In the future it would be nice to somehow build up “pod neutral” social media accounts - for example the Twitter account used as the official one is actually the joindiaspora.com account which is confusing. But as it has tens of thousands of followers I don’t think it’s worth the hassle of changing accounts - and certainly we have better things to do…

Maybe Maxwell will get fed up with joindiaspora.com one day and he will sell it to a possible foundation :wink: Then it could actually be an official foundation pod :stuck_out_tongue:

In the future it would be nice to somehow build up “pod neutral” social media accounts - for example the Twitter account used as the official one is actually the joindiaspora.com account which is confusing. But as it has tens of thousands of followers I don’t think it’s worth the hassle of changing accounts - and certainly we have better things to do…

You can change a Twitter account name very easily and maintain all the followers - so it could be changed from @joindiaspora to @diasporafoundation or whatever.

@goob That’s actually a really cool idea. I’d be all for giving it a name change in the future.

Should we start a new discussion to decide on a new name for the Twitter account? Hmmm… scratches head for inspiration…

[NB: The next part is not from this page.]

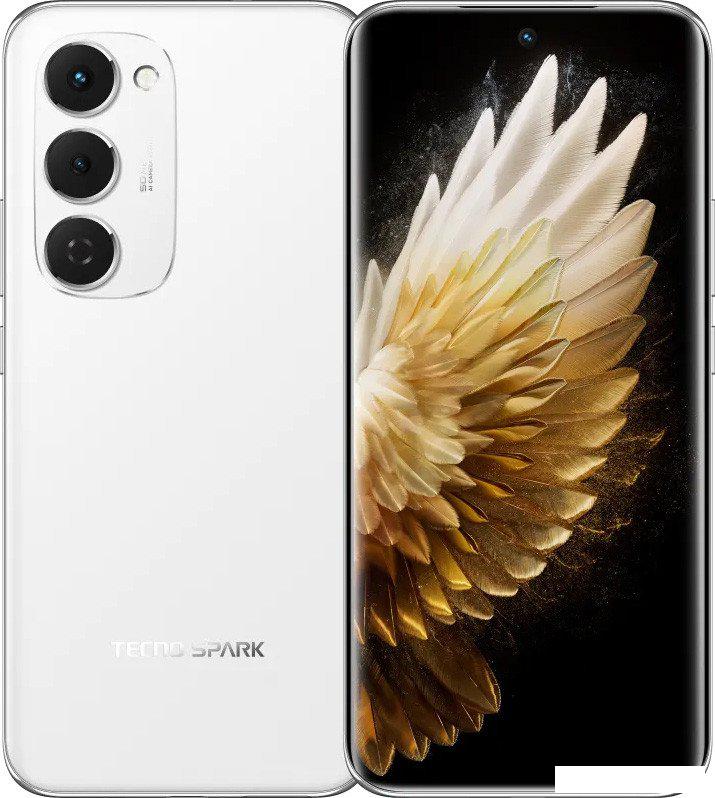 Телефон Tecno Spark 40 Pro+ 8GB/256GB (белая аврора)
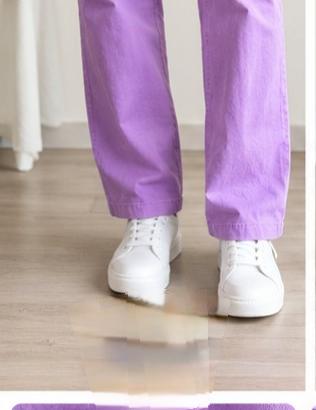 Pantaloni dritti lilla cotone 100% - made in it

It’s only a small minority that have the Amazon scare

thing.

@jasonrobinson I have noticed the Amazon scare thing but it touches on credibility for the Diaspora* values. There should be (are already?) certain guidelines for podmins that they then are recommended to follow. podupti.me monitors some of those possible recommendations such as SSL certificate status etc. However the transparency of hosting solution should be obvious for each and every podmin, especially since Diaspora* is listed on the User Data Manifesto:

  1. Invulnerability of data

Everybody should be able to protect their own data

against surveillance and to federate their own data for

backups to prevent data loss or for any other reason. "

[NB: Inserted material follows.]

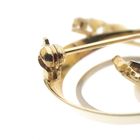 Image 6 of Two-tone gold brooch with pearl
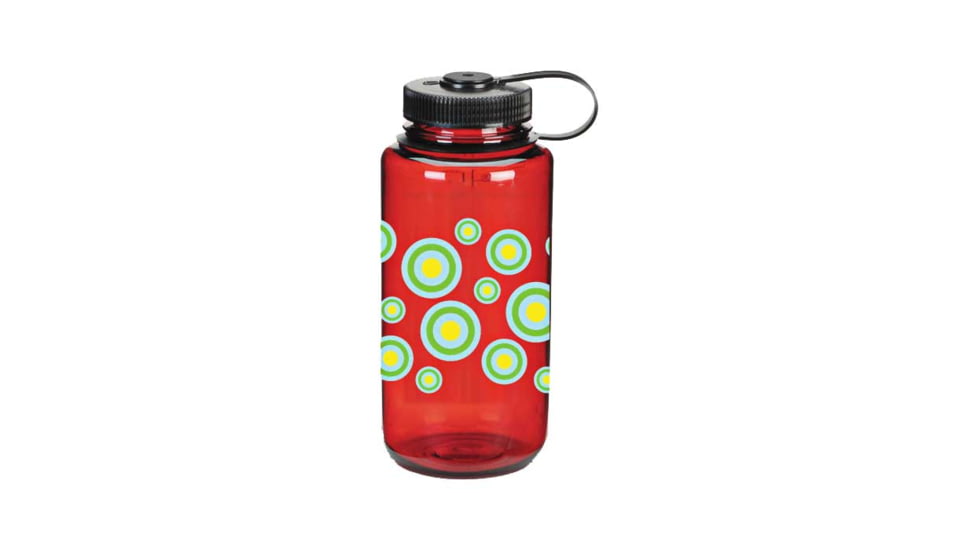 Nalgene 32oz Wide Mouth Bottle, Blue Flow, 570087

The joindiaspora.com pod does not follow that principle then if I have understood the surveillance of Amazon solutions. Ironically, Loom.io seems to be using Amazon in some way too.

Maybe I’m totally tired and off-track right now…

It’s only a small minority that have the Amazon scare thing

I really don’t think so. With all the PRISM story, people are afraid of the NSA etc. They want to use other tools. diaspora* is listed on prism-break. We have to indicate to them that joindiaspora is not prism safe!. There is no term of service, no indication nowhere that joindiaspora uses amazon. And that’s bad. People have to know what they are using.

@flaburgan so you’re saying not using Amazon makes something PRISM safe?

@openlifechallenge I’d like to see a place in the Diaspora values where it is mentioned that Diaspora is not recommended to be hosted on large corporation servers? No where it is mentioned. What is mentioned that “diaspora respects your data”. The only way this is in fact done is to enable users to host their own pods and in essence hosting their own data.

Trusting another podmin is less secure than putting your data on Facebook - I’m willing to bet that for any pod out there…

Personally I think what we really need is to make it clear to people what Diaspora is and what it is not. It is not an answer to PRISM, for example - unless you host your own data.

Oh yeah and Loomio uses Amazon for sure as well. Why shouldn’t they? Have they said they don’t trust big corporations?

Imposing guidelines to podmins not to use large corporation servers would imho be wrong and against personal freedom of users to do what they want. It is dangerous to start restricting freedom of choice in the name of protecting peoples privacy :wink: A nice golden line would be great - educating podmins for example.

so you’re saying not using Amazon makes something PRISM safe?

Implication is different than equivalence :stuck_out_tongue: Amazon => !prism-safe does not imply that !Amazon => prism-safe :stuck_out_tongue:

Trusting another podmin is less secure than putting your data on Facebook

I strongly disagree there…

Oh yeah and Loomio uses Amazon for sure as well

Everything on loomio is public. Not comparison possible.

Imposing guidelines to podmins not to use large corporation servers

Who said that? It’s totally fine to host a pod on heroku, on Windows Azure, where you want! The point is, users has to know that!. We all want more transparency in the world, this is the basics!

If a podmin is honest, he should tell that by registering on his pod, the data will be in [put the hosting place]. This is not done for joindiaspora, nowhere, and this is really a problem. @maxwellsalzberg I’d really want to heard you about that.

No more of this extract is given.